(Beginning of Data supplied)
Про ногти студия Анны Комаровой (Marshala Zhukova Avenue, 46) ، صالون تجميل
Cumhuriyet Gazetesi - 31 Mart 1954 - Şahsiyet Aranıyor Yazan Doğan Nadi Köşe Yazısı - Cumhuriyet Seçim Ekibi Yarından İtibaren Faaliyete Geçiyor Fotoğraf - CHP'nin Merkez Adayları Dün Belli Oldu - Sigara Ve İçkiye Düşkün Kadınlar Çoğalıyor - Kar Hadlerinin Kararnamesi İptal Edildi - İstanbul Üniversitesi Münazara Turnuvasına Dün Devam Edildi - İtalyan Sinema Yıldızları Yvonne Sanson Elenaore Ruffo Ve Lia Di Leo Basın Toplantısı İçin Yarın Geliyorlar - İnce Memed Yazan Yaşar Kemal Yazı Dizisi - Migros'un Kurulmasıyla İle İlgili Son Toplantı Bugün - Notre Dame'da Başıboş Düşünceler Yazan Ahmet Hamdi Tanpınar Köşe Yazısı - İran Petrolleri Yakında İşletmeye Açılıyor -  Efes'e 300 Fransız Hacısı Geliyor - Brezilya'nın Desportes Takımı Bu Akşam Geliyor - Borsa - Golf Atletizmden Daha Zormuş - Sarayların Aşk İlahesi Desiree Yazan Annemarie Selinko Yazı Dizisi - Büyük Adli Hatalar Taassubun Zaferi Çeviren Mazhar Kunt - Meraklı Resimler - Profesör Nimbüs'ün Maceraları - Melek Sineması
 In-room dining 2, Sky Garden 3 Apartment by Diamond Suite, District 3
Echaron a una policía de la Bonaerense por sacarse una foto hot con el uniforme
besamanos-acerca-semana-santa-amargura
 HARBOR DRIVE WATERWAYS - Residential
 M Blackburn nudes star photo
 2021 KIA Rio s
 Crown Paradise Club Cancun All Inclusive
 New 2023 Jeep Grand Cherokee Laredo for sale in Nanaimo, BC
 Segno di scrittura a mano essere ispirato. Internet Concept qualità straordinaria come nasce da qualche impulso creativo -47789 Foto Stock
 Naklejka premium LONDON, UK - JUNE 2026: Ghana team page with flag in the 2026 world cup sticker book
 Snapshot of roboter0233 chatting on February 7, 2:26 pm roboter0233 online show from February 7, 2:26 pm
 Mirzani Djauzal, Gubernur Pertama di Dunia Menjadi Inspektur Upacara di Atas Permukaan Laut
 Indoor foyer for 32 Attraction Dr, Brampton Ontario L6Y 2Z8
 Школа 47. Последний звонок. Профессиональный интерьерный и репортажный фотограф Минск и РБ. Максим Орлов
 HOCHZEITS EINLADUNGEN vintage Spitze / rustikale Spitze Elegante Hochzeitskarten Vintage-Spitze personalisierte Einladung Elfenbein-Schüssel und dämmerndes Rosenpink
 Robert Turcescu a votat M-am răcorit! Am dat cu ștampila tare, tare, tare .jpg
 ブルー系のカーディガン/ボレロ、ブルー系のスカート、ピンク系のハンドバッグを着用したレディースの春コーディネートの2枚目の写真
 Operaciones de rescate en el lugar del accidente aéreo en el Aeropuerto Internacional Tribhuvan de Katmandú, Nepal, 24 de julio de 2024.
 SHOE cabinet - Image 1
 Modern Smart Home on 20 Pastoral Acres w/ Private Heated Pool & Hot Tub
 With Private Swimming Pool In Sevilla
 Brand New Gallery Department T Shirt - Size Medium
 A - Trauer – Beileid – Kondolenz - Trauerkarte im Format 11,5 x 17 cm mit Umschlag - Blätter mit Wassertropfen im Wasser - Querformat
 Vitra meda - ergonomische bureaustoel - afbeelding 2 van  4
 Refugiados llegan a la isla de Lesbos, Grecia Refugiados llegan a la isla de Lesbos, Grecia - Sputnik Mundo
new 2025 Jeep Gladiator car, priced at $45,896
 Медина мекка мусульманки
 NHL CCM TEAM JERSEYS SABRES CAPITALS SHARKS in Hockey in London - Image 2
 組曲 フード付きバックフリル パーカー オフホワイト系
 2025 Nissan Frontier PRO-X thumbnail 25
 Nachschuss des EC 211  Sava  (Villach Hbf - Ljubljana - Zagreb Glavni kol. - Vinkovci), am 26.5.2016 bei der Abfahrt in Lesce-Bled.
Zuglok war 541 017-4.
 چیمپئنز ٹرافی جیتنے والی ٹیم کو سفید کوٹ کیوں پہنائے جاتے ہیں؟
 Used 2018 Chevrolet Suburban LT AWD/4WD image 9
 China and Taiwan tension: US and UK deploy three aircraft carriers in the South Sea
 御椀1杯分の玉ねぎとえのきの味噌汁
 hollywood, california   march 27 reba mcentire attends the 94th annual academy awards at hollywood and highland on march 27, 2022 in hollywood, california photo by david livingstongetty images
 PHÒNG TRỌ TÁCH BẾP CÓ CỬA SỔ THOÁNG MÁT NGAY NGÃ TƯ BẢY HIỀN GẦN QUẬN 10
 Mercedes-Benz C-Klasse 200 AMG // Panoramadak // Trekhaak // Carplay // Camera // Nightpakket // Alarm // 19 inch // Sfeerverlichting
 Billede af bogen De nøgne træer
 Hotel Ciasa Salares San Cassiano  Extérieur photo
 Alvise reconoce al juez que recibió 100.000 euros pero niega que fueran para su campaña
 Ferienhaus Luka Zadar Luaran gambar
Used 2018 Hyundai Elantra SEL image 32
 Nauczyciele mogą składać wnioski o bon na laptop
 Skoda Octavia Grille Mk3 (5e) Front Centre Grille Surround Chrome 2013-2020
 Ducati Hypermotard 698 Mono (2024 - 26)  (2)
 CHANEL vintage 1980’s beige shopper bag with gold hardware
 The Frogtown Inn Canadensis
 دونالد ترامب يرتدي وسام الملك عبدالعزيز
(End of Data supplied)
| What needs to be done |
Starting at the line with "Billede af bogen De nøgne træer", restate each line through the end of the records, both ends included, and stop there.

| Answer for this exercise |
 Billede af bogen De nøgne træer
 Hotel Ciasa Salares San Cassiano  Extérieur photo
 Alvise reconoce al juez que recibió 100.000 euros pero niega que fueran para su campaña
 Ferienhaus Luka Zadar Luaran gambar
Used 2018 Hyundai Elantra SEL image 32
 Nauczyciele mogą składać wnioski o bon na laptop
 Skoda Octavia Grille Mk3 (5e) Front Centre Grille Surround Chrome 2013-2020
 Ducati Hypermotard 698 Mono (2024 - 26)  (2)
 CHANEL vintage 1980’s beige shopper bag with gold hardware
 The Frogtown Inn Canadensis
 دونالد ترامب يرتدي وسام الملك عبدالعزيز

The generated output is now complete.